# Rays?



## BethsBettas (Apr 13, 2012)

Quick question. I'm learning Betta anatomy and stanards, and I've managed to pick up on pretty much everything but rays by just reading. When people say like, 'Oh this guy has long rays' or 'only two rays', where on the fish should I be looking at? I assume tail, but I still can't identify them well.

Would someome be so kind as to maybe put a photo and circle the rays? Visual learner. 

Thank you!


----------



## indjo (Jun 6, 2010)

When people are talking about rays, they're talking about the caudal. VT and traditional PK often only have primary and secondary rays (1 split) thus often have only 2 end rays. HM and HMPK usually have 2 ray splitting (primary and secondary) and have 4 - 8 end/tertiary rays.

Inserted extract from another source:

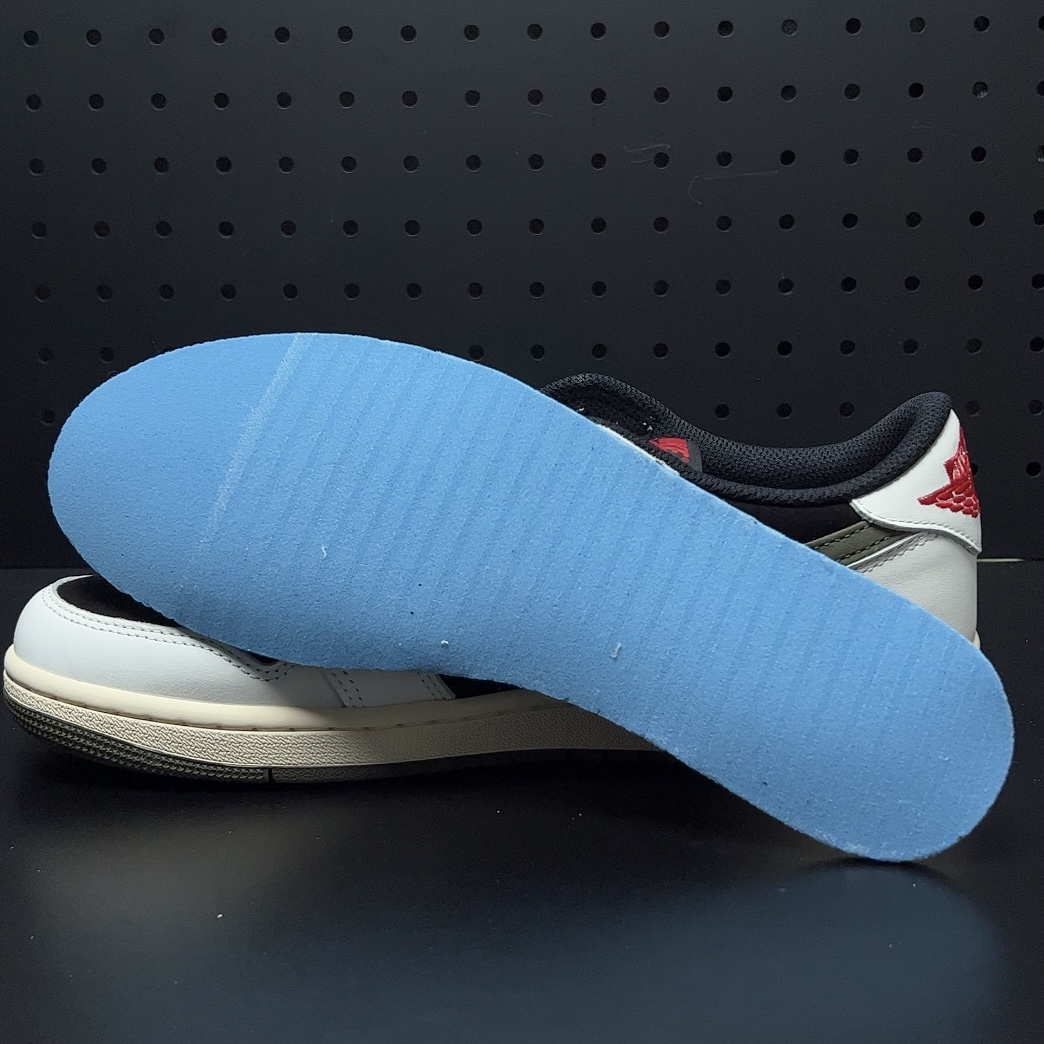 Travis Scott × Nike WMNS Air Jordan 1 Low OG "Medium Olive" (DZ4137-106)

Rays on dorsal and anal are often standard (1 - primary ray) though some may have exceptionally excessive branching.


----------



## Olympia (Aug 25, 2011)

This always confused me too. I thought you counted primary rays O-O
That diagram is really useful. 
I still don't get how people can count these things Dx


----------



## Bombalurina (Oct 10, 2011)

Well, I've been drawing my HM tails all wrong...


----------



## indjo (Jun 6, 2010)

They don't. Unless you have microscopic eyes LOL. After a while you get used to the shape of ray branching and can guess. Only 2 rays are easily spotted, 4 is easy to guess, 8 .... I count those on still betta pictures. LOL


----------



## Martinismommy (Dec 2, 2010)

Maybe this photo will help...This is one of my females..


----------